- Opening Delimiter -

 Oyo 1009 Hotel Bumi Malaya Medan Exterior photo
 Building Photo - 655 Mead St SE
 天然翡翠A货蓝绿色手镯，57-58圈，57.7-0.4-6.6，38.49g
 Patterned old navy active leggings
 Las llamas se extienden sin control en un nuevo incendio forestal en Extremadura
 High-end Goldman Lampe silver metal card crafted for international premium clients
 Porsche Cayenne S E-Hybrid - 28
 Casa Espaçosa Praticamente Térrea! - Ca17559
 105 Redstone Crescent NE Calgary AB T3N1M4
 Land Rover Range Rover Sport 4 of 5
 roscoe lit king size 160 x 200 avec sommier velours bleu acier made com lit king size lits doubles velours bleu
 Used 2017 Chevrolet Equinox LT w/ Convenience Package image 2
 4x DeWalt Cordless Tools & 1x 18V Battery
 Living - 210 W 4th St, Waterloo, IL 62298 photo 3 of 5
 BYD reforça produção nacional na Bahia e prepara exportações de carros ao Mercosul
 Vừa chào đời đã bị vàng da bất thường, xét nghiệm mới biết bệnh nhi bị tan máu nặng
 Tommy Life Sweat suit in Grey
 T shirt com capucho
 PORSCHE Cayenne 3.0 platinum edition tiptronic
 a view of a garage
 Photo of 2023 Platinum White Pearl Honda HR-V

- Closing Delimiter -

Please write out the material word for word from its first line through the line holding "Las llamas se", including both, and no line past it.

 Oyo 1009 Hotel Bumi Malaya Medan Exterior photo
 Building Photo - 655 Mead St SE
 天然翡翠A货蓝绿色手镯，57-58圈，57.7-0.4-6.6，38.49g
 Patterned old navy active leggings
 Las llamas se extienden sin control en un nuevo incendio forestal en Extremadura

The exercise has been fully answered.